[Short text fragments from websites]

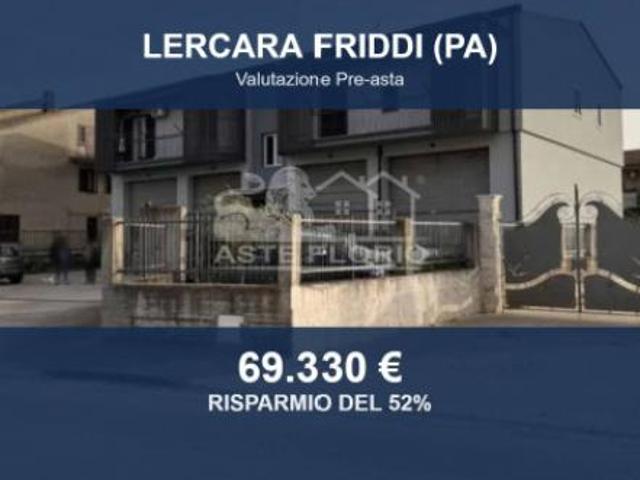 Immobile in asta di 140 m in vendita a Lercara Friddi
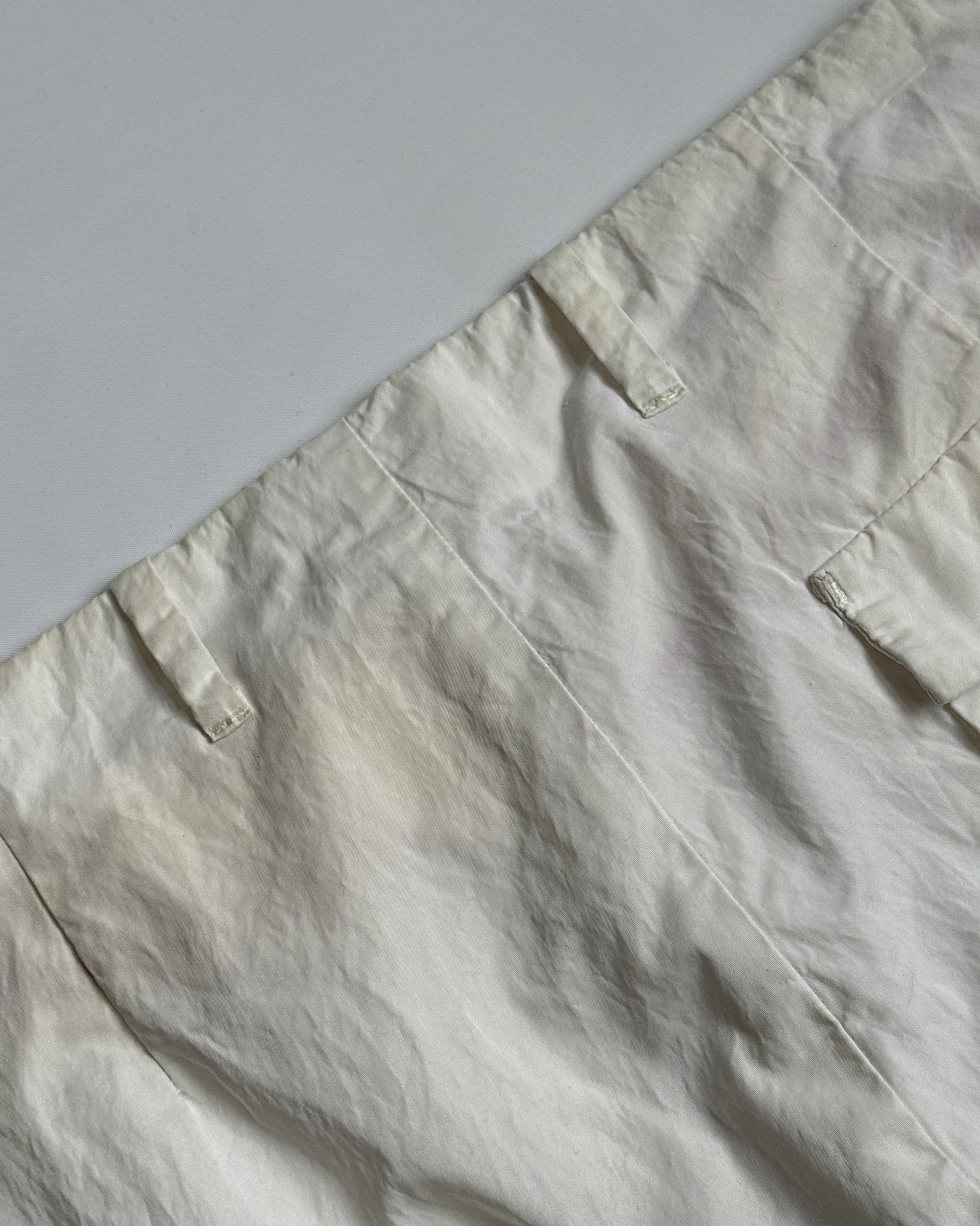 Prada Sport Cargo Shorts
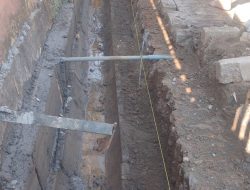 Proyek Pavingisasi Jln. Kumudasmoro Dalam 6, Semarang Barat Diduga Tak Sesuai Gambar dan RAB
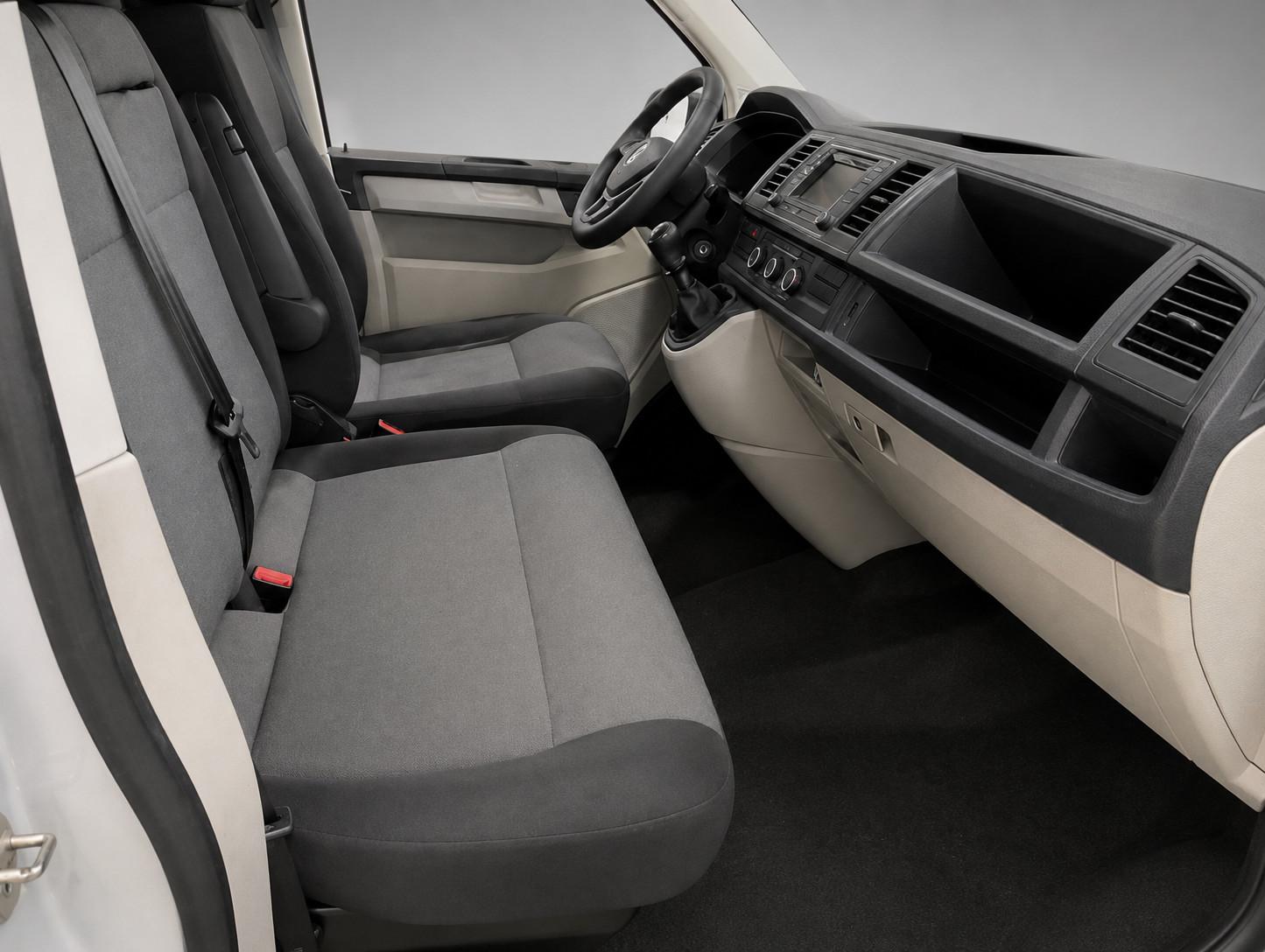 Volkswagen T6 Wohnmobil 2.0 TDI | 2Hand! AHK! Sitzh! PDC!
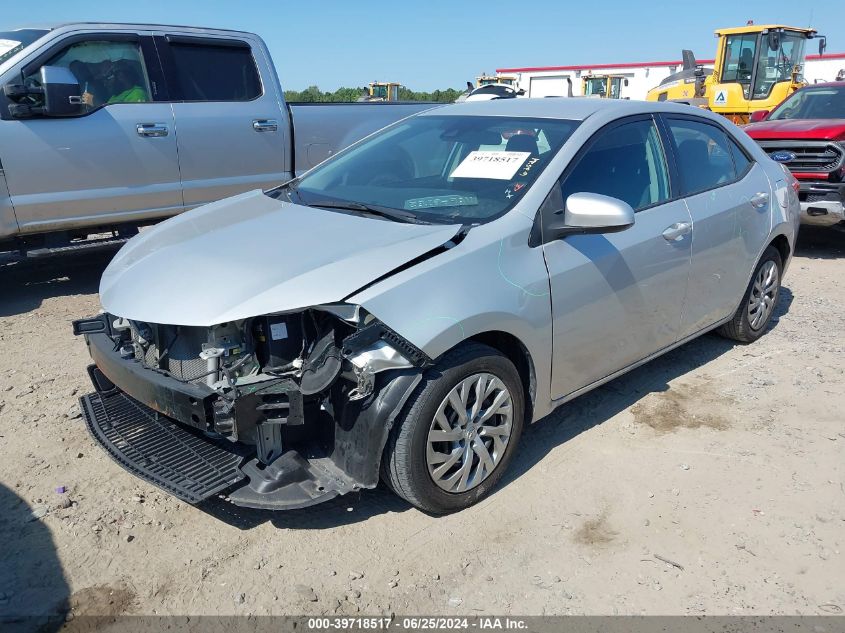 2019 TOYOTA COROLLA L/LE/XLE/SE/XSE - 5YFBURHE0KP941619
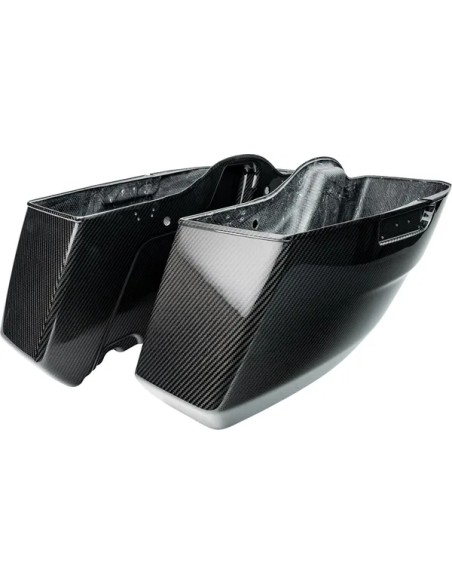 SLYFOX Satteltaschen - BOTTOM SADDLEBAG 2024 FL CARBO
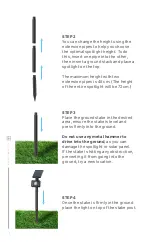 Preview for 14 page of TBI PRO Engineering RaLights GL-21 User Manual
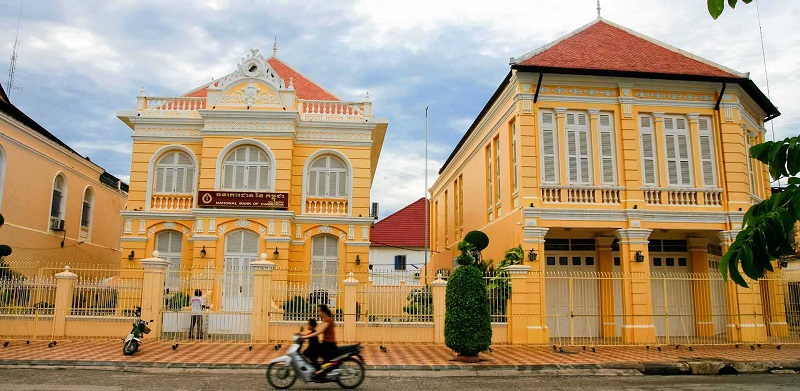 Viên ngọc thô Battambang yên ắng ẩn mình giữa lòng Campuchia 2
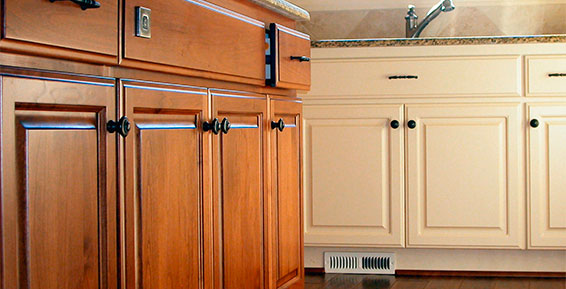 Cabinet Painting Services And More
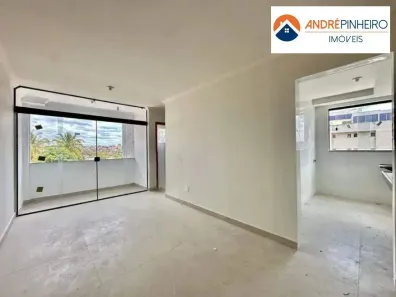 Apartamento com 2 Quartos à venda, 54m² no Santa Branca, Belo Horizonte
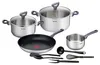Tefal Daily Cook G713SB, Zmiešaná súprava, Nerezová oceľ, Náhľad obrázku produktu 2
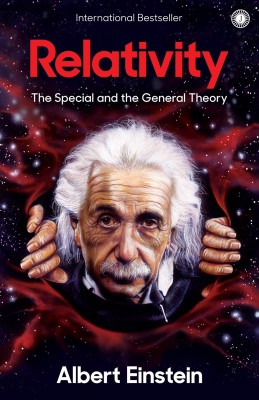 Relativity: The Special and General Theory(English, Paperback, Einstein Albert)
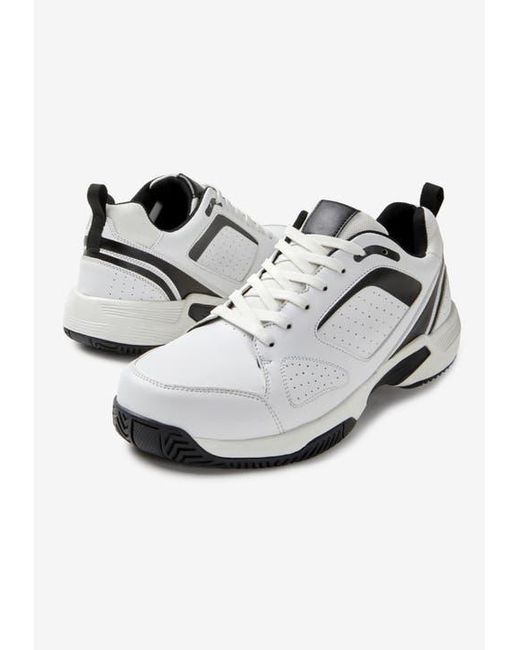 Kingsize White Everyday Sneaker for men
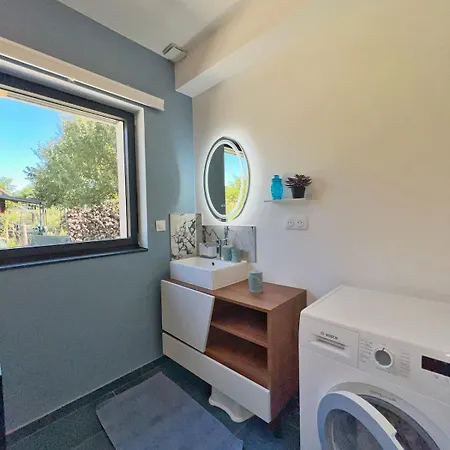 Prázdninový dům Maison Moderne Avec Jardin Au Coeur Du Vignoble Westhalten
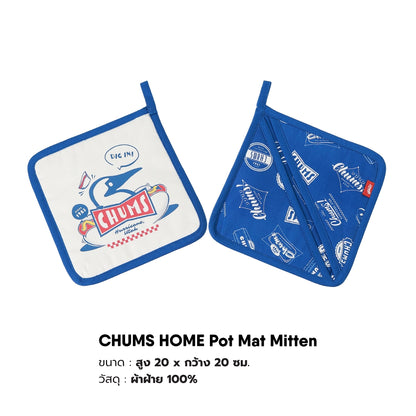 CHUMS HOME Pot Mat Mitten | CHUMS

◆ What you will do
Beginning with the line that contains "Preview for 14" and ending with the last line of the data, restate each line word for word. Exclude the pictures.

◆ Task result
 Preview for 14 page of TBI PRO Engineering RaLights GL-21 User Manual
 Viên ngọc thô Battambang yên ắng ẩn mình giữa lòng Campuchia 2
 Cabinet Painting Services And More
 Apartamento com 2 Quartos à venda, 54m² no Santa Branca, Belo Horizonte
Tefal Daily Cook G713SB, Zmiešaná súprava, Nerezová oceľ, Náhľad obrázku produktu 2
 Relativity: The Special and General Theory(English, Paperback, Einstein Albert)
 Kingsize White Everyday Sneaker for men
 Prázdninový dům Maison Moderne Avec Jardin Au Coeur Du Vignoble Westhalten
 CHUMS HOME Pot Mat Mitten | CHUMS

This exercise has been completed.